Strip out the pictures and transcribe the records that follow exactly.

* Data to process
==================================================

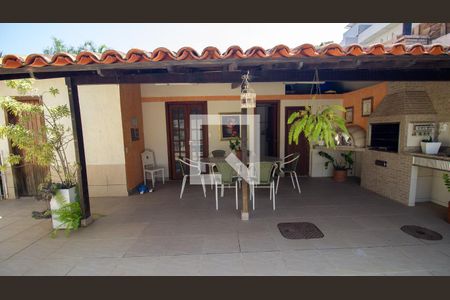 Casa de condomínio à venda com 320m², 4 quartos e 2 vagasÁrea Gourmet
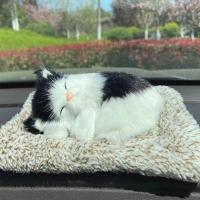 汽车摆件小狗可爱车载装饰品除味竹炭包活性炭仿真狗内饰用品大全 小黑白猫+毛绒垫子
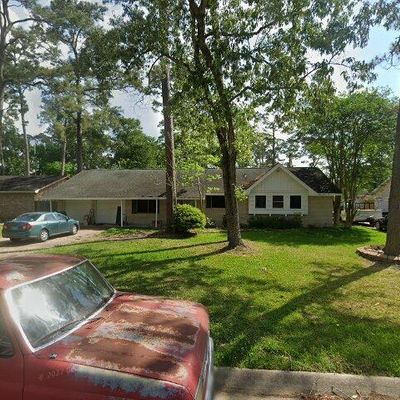 3007 Woodland Dr, Dickinson, TX 77539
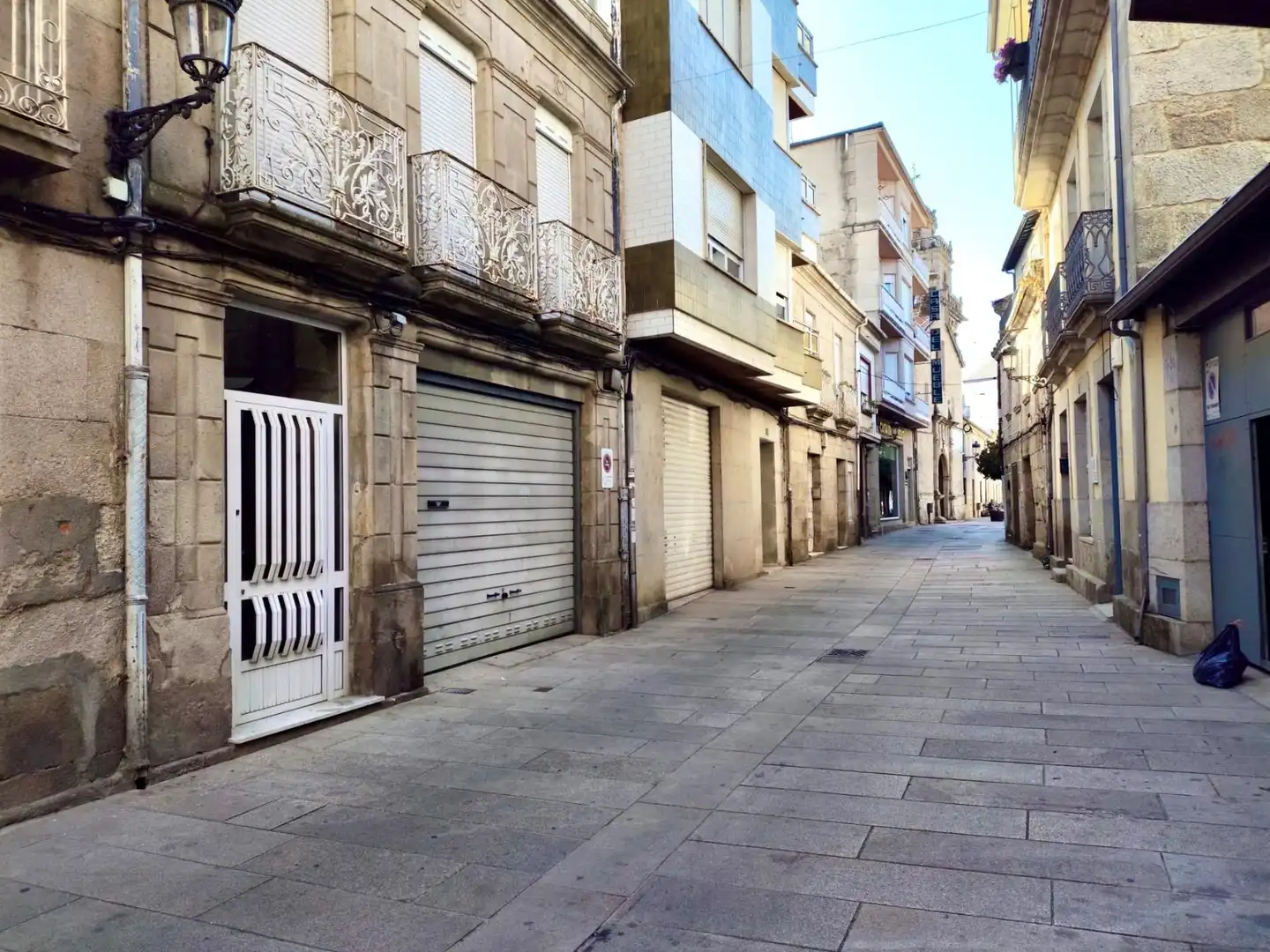 Vista exterior de Pis de lloguer en Verín amb Calefacció, Terrassa i Moblat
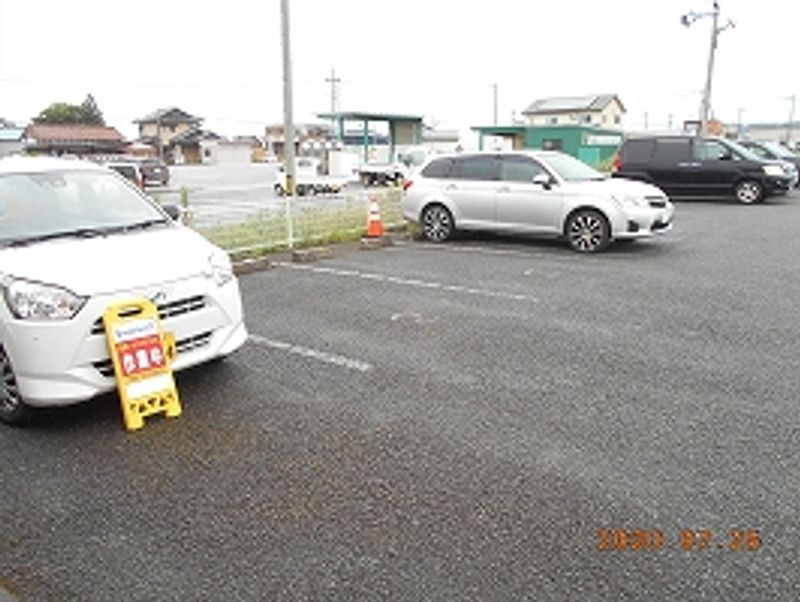 レオパレストゥルク 駐車場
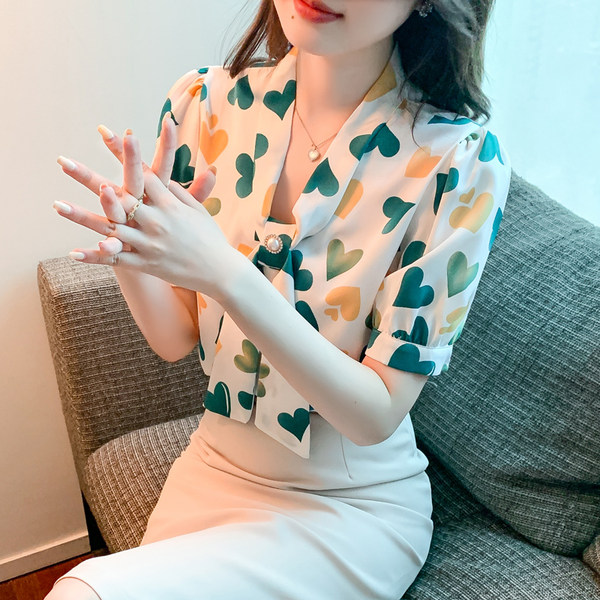 เสื้อลูกไม้ แขนสั้น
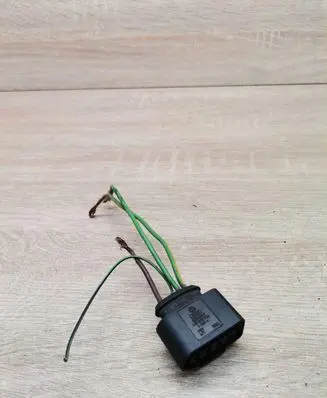 Volkswagen Touran I Plug wire 1J0973724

==================================================

* Response
 Casa de condomínio à venda com 320m², 4 quartos e 2 vagasÁrea Gourmet
 汽车摆件小狗可爱车载装饰品除味竹炭包活性炭仿真狗内饰用品大全 小黑白猫+毛绒垫子
 3007 Woodland Dr, Dickinson, TX 77539
 Vista exterior de Pis de lloguer en Verín amb Calefacció, Terrassa i Moblat
 レオパレストゥルク 駐車場
 เสื้อลูกไม้ แขนสั้น
 Volkswagen Touran I Plug wire 1J0973724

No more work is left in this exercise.